Table 2 illustrates the cogency of a European level left-right split by categorizing the 494 MEPs from centre right and centre-left groups as respectively the 'European support' and 'European opposition' to Santer, and treating the remaining 34 MEPs from the EN and non-inscrits (unattached membesrs) as an anti-system residual. In the highlighted box, the 425 MEPs on the shaded diagonal confirm the hypothesis of a European level left-right alignment on Santer's nomination, leaving only 55 who voted contrary to this expectation, 14 who abstained and the 34 votes from the anti-system parties. In all, 87.4 per cent of MEPs and 82.5 per cent of national party delegations can be said to have voted according to a European alignment if we take the standard procedure in roll-call analysis of weighting abstentions at 0.5.

Table 2
The Santer Vote as a Left/right Cleavage of the Party Groups in the European Parliament
Group For Against Abstain Total
European Parliament centre-right: Santer support groups
EPP 153 0 1 154
RDE 23 1 1 25
FE 26 0 0 0
EP centre-left: Santer opposition groups
PES 45 140 5 190
ELDR 8 24 6 38
GUE 0 21 0 21
V 1 19 1 21
ARE 0 19 0 19
Summary of European left-right voting: shaded diagonal shows those voting in this way
Right 202 1 2 205
Left 54 223 12 289
Anti-system residual
EN 0 8 8 16
NON-i 6 12 0 18
Total MEP vote

262 244 22 528

That there should have been a left-right split at the European level is entirely understandable.
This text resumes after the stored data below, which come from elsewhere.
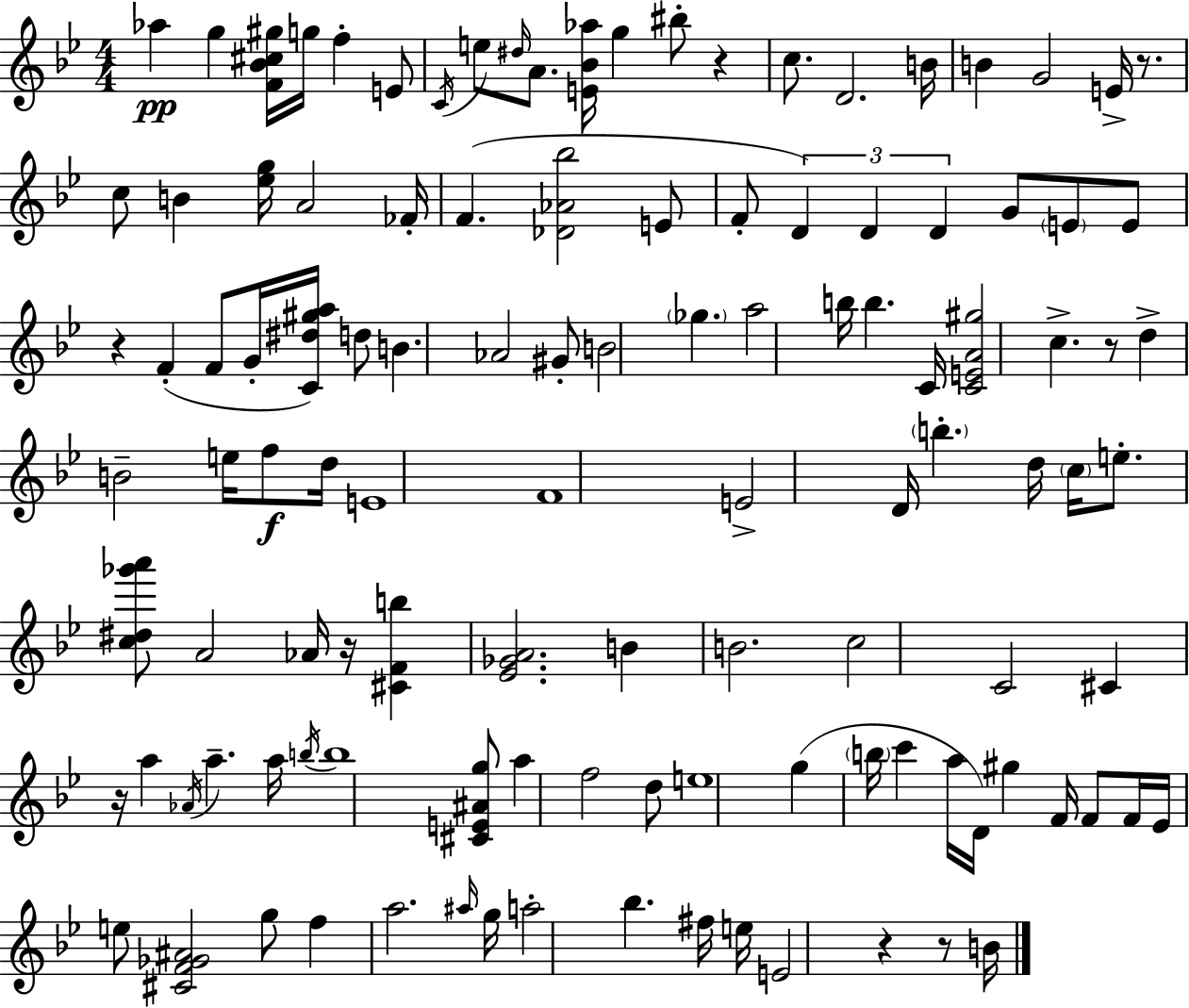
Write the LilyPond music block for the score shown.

{
  \clef treble
  \numericTimeSignature
  \time 4/4
  \key g \minor
  \repeat volta 2 { aes''4\pp g''4 <f' bes' cis'' gis''>16 g''16 f''4-. e'8 | \acciaccatura { c'16 } e''8 \grace { dis''16 } a'8. <e' bes' aes''>16 g''4 bis''8-. r4 | c''8. d'2. | b'16 b'4 g'2 e'16-> r8. | \break c''8 b'4 <ees'' g''>16 a'2 | fes'16-. f'4.( <des' aes' bes''>2 | e'8 f'8-. \tuplet 3/2 { d'4) d'4 d'4 } | g'8 \parenthesize e'8 e'8 r4 f'4-.( f'8 | \break g'16-. <c' dis'' gis'' a''>16) d''8 b'4. aes'2 | gis'8-. b'2 \parenthesize ges''4. | a''2 b''16 b''4. | c'16 <c' e' a' gis''>2 c''4.-> | \break r8 d''4-> b'2-- e''16 f''8\f | d''16 e'1 | f'1 | e'2-> d'16 \parenthesize b''4.-. | \break d''16 \parenthesize c''16 e''8.-. <c'' dis'' ges''' a'''>8 a'2 | aes'16 r16 <cis' f' b''>4 <ees' ges' a'>2. | b'4 b'2. | c''2 c'2 | \break cis'4 r16 a''4 \acciaccatura { aes'16 } a''4.-- | a''16 \acciaccatura { b''16 } b''1 | <cis' e' ais' g''>8 a''4 f''2 | d''8 e''1 | \break g''4( \parenthesize b''16 c'''4 a''16 d'16) gis''4 | f'16 f'8 f'16 ees'16 e''8 <cis' f' ges' ais'>2 | g''8 f''4 a''2. | \grace { ais''16 } g''16 a''2-. bes''4. | \break fis''16 e''16 e'2 r4 | r8 b'16 } \bar "|."
}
The EPP was eager to support a member of the Christian Democrat political family. There was also a feeling that the Socialists had held the Commission presidency for ten years under Delors, that it was now the turn of the Centre Right to occupy that key position and that the EPP, in particular, should mobilize all its votes for Santer, rather than throw the whole selection process into hazard and risk the emergence of an alternative from another political family. Indeed, the EPP was on the defensive with many of its opponents claiming that Santer's nomination already represented reductio ad absurdam of political bargaining within the European Centre Right, even before matters had got beyond the European Council. The failure of Santer's candidacy in the Parliament - after the elimination of Brittan, Lubbers and Dehearne - would thus have been taken as final proof that the Right was incapable of exercising its option on the Commission presidency with the implication that the nomi-nation should pass to the Left. Against this background, the President of the EPP group, Wilfrid Martens, seems to have taken a remarkably tough line, indicating that failure to support Santer would be met with sanctions, including possible expulsion from the group.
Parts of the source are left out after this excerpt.